I'm not sure, as I think a xl_running_xacts could still be generated after
we execute "our sql" meaning:

"
$node_primary->safe_psql('testdb', qq[$sql]);
"

and before we launch the new DML. In that case I guess the issue could still
happen.

OTOH If we create the new DML "before" we launch "our sql" then the test
would also fail for both active and inactive slots because that would not
invalidate any slots.

I did observe the above with the attached changes (just changing the PREPARE
TRANSACTION location).

I've also tried the idea with the living transaction via background_psql(),
but I got the same result. The test could fail when RUNNING_XACTS record was
generated before the transaction starts.

I agree, but I'm not sure it's doable as it looks to me that we should prevent
the catalog xmin to advance to advance past the conflict point while still
generating a conflict point. Will try to give it another thought.
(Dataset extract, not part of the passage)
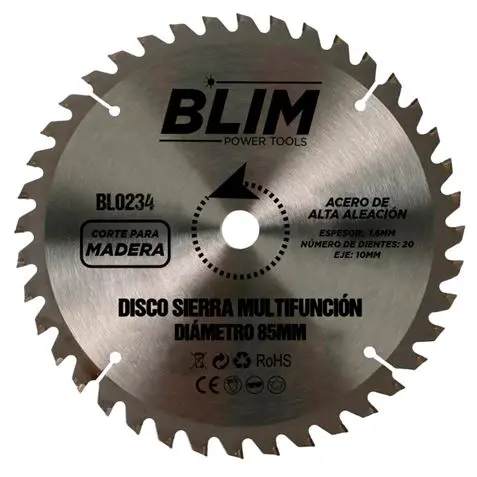 Blim Disco Corte de Madera para Sierra Multifuncion 85mm - 20 Dientes con Recubrimiento en Carburo d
One primitive idea for me was to stop the walsender/pg_recvlogical process for a while.
SIGSTOP signal for pg_recvlogical may do the idea, but ISTM it could not be on windows.
See 019_replslot_limit.pl.

Best regards,
Hayato Kuroda
FUJITSU LIMITED

Bertrand Drouvot

bertranddrouvot.pg@gmail.com

12 months ago

In reply to: Hayato Kuroda (Fujitsu) (#4)
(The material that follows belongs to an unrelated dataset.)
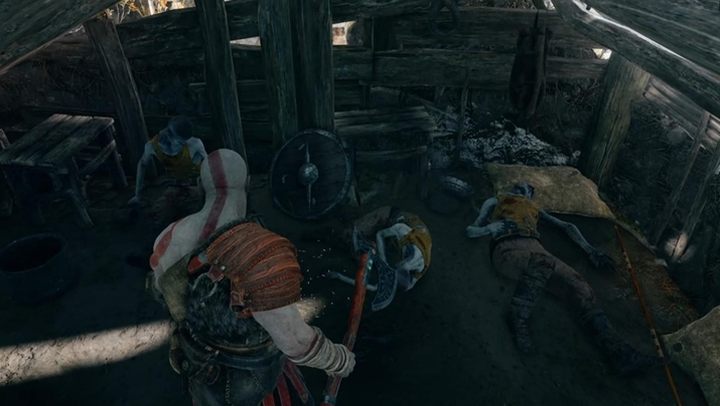 Jump down into an old village and explore the cabins - God of War: Path to the Mountain - Walkthrough - Walkthrough - God of War Guide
Re: Fix 035_standby_logical_decoding.pl race conditions

Hi Kuroda-san,

On Fri, Mar 21, 2025 at 12:28:10PM +0000, Hayato Kuroda (Fujitsu) wrote:

I'm also working on the thread to resolve the random failure.

Thanks for looking at it!

I've also tried the idea with the living transaction via background_psql(),
but I got the same result. The test could fail when RUNNING_XACTS record was
generated before the transaction starts.

and thanks for testing and confirming too.

SIGSTOP signal for pg_recvlogical may do the idea,

Yeah, but would we be "really" testing an "active" slot?
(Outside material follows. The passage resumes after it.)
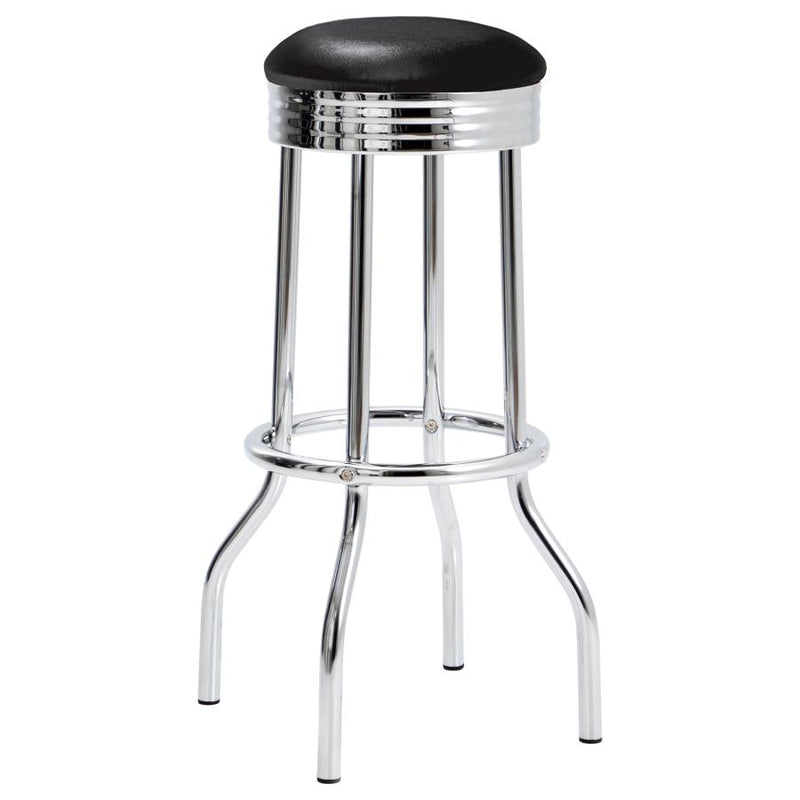 Retro 3-piece Round 1950s Bistro Pub Bar Table Set Black-zoom-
At the end we want to produce an invalidation that may or not happen on a real
environment. The corner case is in the test, not an issue of the feature to
fix.

So, I'm not sure I like the idea that much, but thinking out loud: I wonder if
we could bypass the "active" slot checks in 16 and 17 and use injection points as
proposed as of 18 (as we need the injection points changes proposed in 0001
up-thread). Thoughts?

Regards,

--
Bertrand Drouvot
PostgreSQL Contributors Team
RDS Open Source Databases
Amazon Web Services: https://aws.amazon.com

Hayato Kuroda (Fujitsu)

kuroda.hayato@fujitsu.com

12 months ago

In reply to: Bertrand Drouvot (#5)

RE: Fix 035_standby_logical_decoding.pl race conditions

Dear Bertrand,

SIGSTOP signal for pg_recvlogical may do the idea,

Yeah, but would we be "really" testing an "active" slot?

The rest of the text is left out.